Problem to solve:
Go through the entries and copy each one exactly. Leave none out.

Source records:
- - - - - - -
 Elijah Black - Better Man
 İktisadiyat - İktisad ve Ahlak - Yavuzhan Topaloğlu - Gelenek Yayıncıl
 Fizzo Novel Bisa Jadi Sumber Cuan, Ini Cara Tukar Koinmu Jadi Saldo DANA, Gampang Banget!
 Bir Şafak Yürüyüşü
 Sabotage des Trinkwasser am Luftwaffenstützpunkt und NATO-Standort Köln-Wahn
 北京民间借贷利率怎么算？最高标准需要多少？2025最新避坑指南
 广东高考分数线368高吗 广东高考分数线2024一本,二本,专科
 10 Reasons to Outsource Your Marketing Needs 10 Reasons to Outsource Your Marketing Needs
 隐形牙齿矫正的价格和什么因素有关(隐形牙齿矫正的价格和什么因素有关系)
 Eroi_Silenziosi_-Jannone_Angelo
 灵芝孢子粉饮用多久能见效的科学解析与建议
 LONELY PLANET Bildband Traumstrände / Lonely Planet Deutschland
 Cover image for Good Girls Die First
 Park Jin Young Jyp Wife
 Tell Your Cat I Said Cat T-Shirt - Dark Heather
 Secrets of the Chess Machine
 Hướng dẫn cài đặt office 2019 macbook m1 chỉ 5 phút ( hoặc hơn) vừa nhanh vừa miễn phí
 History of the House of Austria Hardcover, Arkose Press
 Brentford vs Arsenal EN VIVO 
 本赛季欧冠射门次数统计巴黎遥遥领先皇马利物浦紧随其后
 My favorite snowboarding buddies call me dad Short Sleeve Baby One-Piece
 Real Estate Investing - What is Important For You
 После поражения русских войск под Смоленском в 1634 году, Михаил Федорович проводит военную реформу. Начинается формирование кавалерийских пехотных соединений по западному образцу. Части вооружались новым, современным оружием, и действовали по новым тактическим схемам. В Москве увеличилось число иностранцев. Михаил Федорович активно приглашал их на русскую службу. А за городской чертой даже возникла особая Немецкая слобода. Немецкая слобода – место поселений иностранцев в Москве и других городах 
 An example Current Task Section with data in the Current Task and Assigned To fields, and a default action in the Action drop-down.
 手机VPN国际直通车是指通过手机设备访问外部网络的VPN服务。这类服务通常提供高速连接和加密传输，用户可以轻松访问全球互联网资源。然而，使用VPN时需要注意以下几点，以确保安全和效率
- - - - - - -
Solution below:
 Elijah Black - Better Man
 İktisadiyat - İktisad ve Ahlak - Yavuzhan Topaloğlu - Gelenek Yayıncıl
 Fizzo Novel Bisa Jadi Sumber Cuan, Ini Cara Tukar Koinmu Jadi Saldo DANA, Gampang Banget!
 Bir Şafak Yürüyüşü
 Sabotage des Trinkwasser am Luftwaffenstützpunkt und NATO-Standort Köln-Wahn
 北京民间借贷利率怎么算？最高标准需要多少？2025最新避坑指南
 广东高考分数线368高吗 广东高考分数线2024一本,二本,专科
 10 Reasons to Outsource Your Marketing Needs 10 Reasons to Outsource Your Marketing Needs
 隐形牙齿矫正的价格和什么因素有关(隐形牙齿矫正的价格和什么因素有关系)
 Eroi_Silenziosi_-Jannone_Angelo
 灵芝孢子粉饮用多久能见效的科学解析与建议
 LONELY PLANET Bildband Traumstrände / Lonely Planet Deutschland
 Cover image for Good Girls Die First
 Park Jin Young Jyp Wife
 Tell Your Cat I Said Cat T-Shirt - Dark Heather
 Secrets of the Chess Machine
 Hướng dẫn cài đặt office 2019 macbook m1 chỉ 5 phút ( hoặc hơn) vừa nhanh vừa miễn phí
 History of the House of Austria Hardcover, Arkose Press
 Brentford vs Arsenal EN VIVO 
 本赛季欧冠射门次数统计巴黎遥遥领先皇马利物浦紧随其后
 My favorite snowboarding buddies call me dad Short Sleeve Baby One-Piece
 Real Estate Investing - What is Important For You
 После поражения русских войск под Смоленском в 1634 году, Михаил Федорович проводит военную реформу. Начинается формирование кавалерийских пехотных соединений по западному образцу. Части вооружались новым, современным оружием, и действовали по новым тактическим схемам. В Москве увеличилось число иностранцев. Михаил Федорович активно приглашал их на русскую службу. А за городской чертой даже возникла особая Немецкая слобода. Немецкая слобода – место поселений иностранцев в Москве и других городах 
 An example Current Task Section with data in the Current Task and Assigned To fields, and a default action in the Action drop-down.
 手机VPN国际直通车是指通过手机设备访问外部网络的VPN服务。这类服务通常提供高速连接和加密传输，用户可以轻松访问全球互联网资源。然而，使用VPN时需要注意以下几点，以确保安全和效率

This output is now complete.